Valentina Pasquali for NPR
Suffrin Eddy, a mortician and political activist, has lived in the Fort National neighborhood all his life. Here, he climbed a toppled roof to show where two people were trapped alive. They were able to call out on their cell phones, he says, but there was no way to move the sheet of concrete, and after two days the phone calls stopped.
Suffrin Eddy, a mortician and political activist, has lived in the Fort National neighborhood all his life. Here, he climbed a toppled roof to show where two people were trapped alive. They were able to call out on their cell phones, he says, but there was no way to move the sheet of concrete, and after two days the phone calls stopped. Valentina Pasquali for NPR
It is a common story from the survivors in Fort National. Some of their loved ones are buried in mass graves. Other bodies are burned, especially if they can't be fully extracted from the rubble.
People fear that the bodies will be eaten by rats or dogs, and many fear that the stench of dead bodies can cause illness. Health officials say that is not true, but many people believe it, and it adds to their anxiety and pain.
Stanley is close to tears as he tells his story. "My child," he says, pointing to a charred spot on the ground. "I put fire on my child right here."

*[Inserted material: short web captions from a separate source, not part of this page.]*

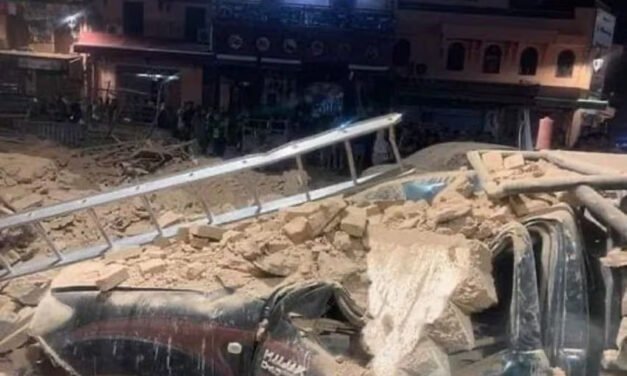 مراکش میں شدید زلزلہ:632 افراد ہلاک، 329 زخمی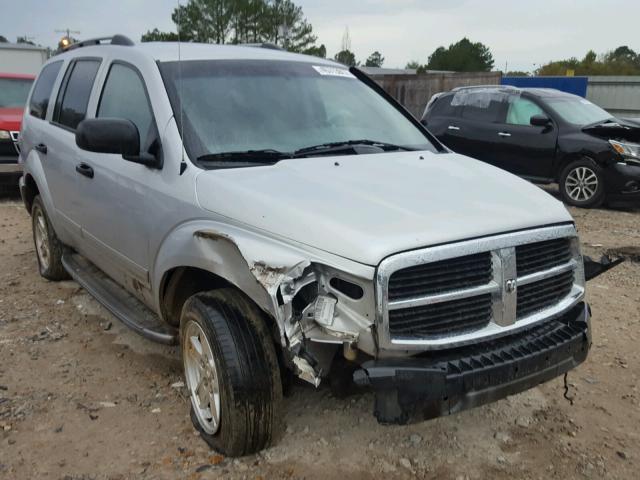 1D4HD58216F188238 - 2006 DODGE DURANGO LI SILVER photo 1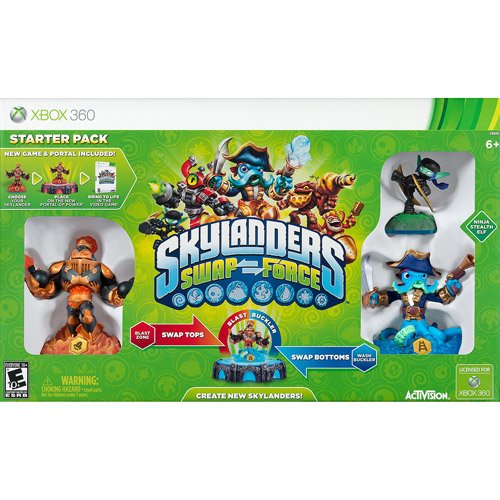 Skylanders swap shop force xbox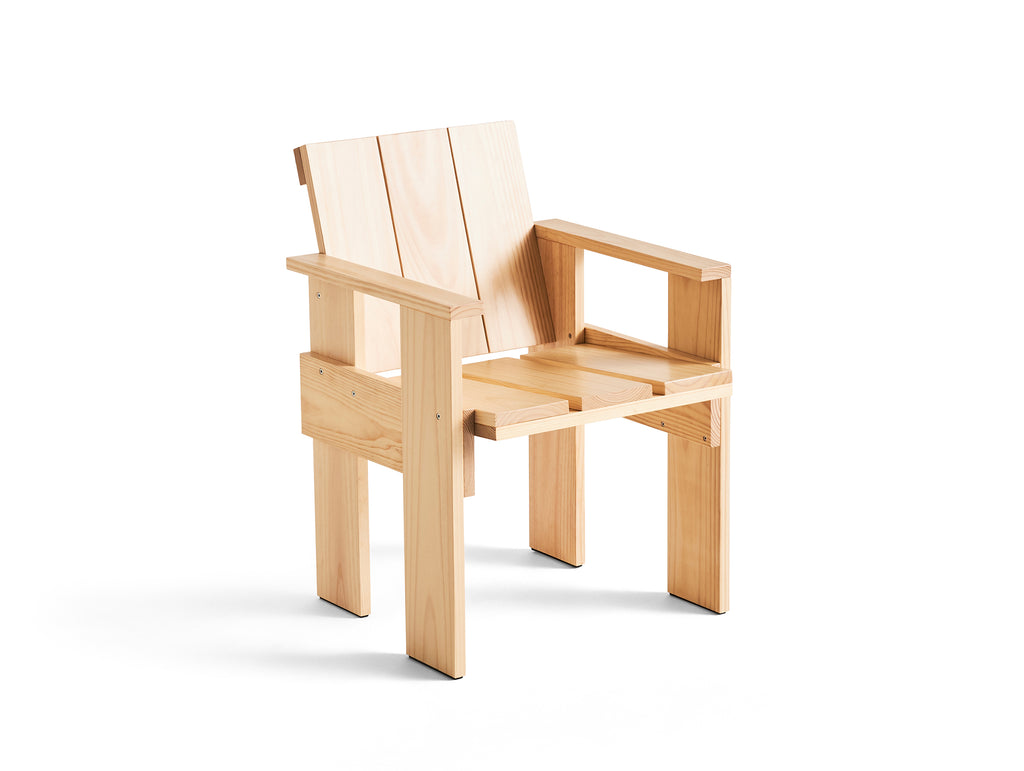 Crate Dining Chair by HAY - Lacquered Pinewood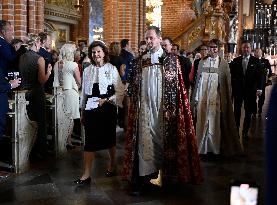 SWEDEN OPENING OF THE PARLIAMENT 2025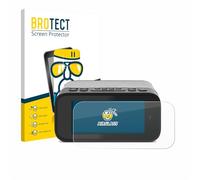brotect Pellicola Protettiva Vetro per TechniSat Digitradio 52 BT Protezione Schermo [Durezza Estrema 9H, Chiaro]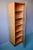 Wood Vintage Bathroom Column Cabinet For Sale - Image 7 of 17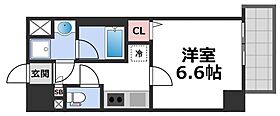 天王寺ルート25  ｜ 大阪府大阪市天王寺区大道4丁目（賃貸マンション1K・6階・23.67㎡） その2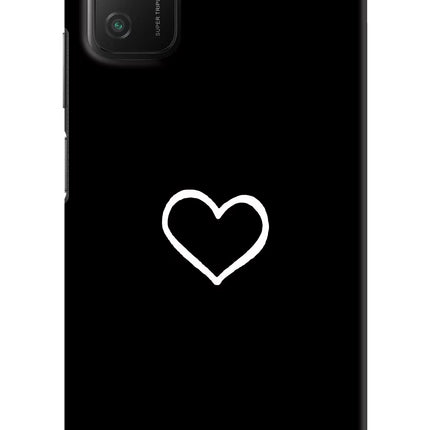 Heart Poco M3 Hard Case Back Cover by Casekaro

A dozen or so people gather around to tell similar stories.
"My son," says Syclear Jeanty. "He was 25." Another man, Yvenel Jacques, mourns for his little boy, saying over and over, "Tyson Jacques. His name was Tyson Jacques."
Mourning The Lost
A fallen school building is thought to have buried the bodies of nearly 20 children and their teacher, but nobody knows for sure.
Many people sleep in a makeshift camp at the foot of the hill, but spend their days next to their fallen houses, looking for loved ones and any possessions they can retrieve.
Others take refuge in a sloping yard just a block from the top of the hill.
The yard seems overflowing with a few hundred men, women and children, but Eddy says more than 1,000 people come here to sleep at night.
He says residents in the camp are pooling what money they have and buying food at inflated prices from vendors on the street.
A man with graying hair sits at the upper end of the camp. His name is Max Paul, and he's one of the pastors at the Church of God in the Poste Marchant area at the bottom of the hill.
His eyes are swollen with fatigue and grief. His wife was killed along with six other people in his house, he says.
When asked what he tells his church members when they ask why such things happen, he shakes his head. "It's the will of God," he says. "It's the will of God. If God allows this to happen, it is because we human beings are too wicked."
Paul says his faith is stronger than ever. When asked if the disaster calls to mind the biblical story of Job, he gives an emphatic "Yes! God has given. God has taken away. May the name of the Lord be blessed."
During the daylight hours, when people of the Fort National area are searching the debris, they don't have much time to speculate on why this happened.
But when asked when they'll get a chance to mourn for their loved ones, one man replied: "We cry a lot. Every day. Every single day."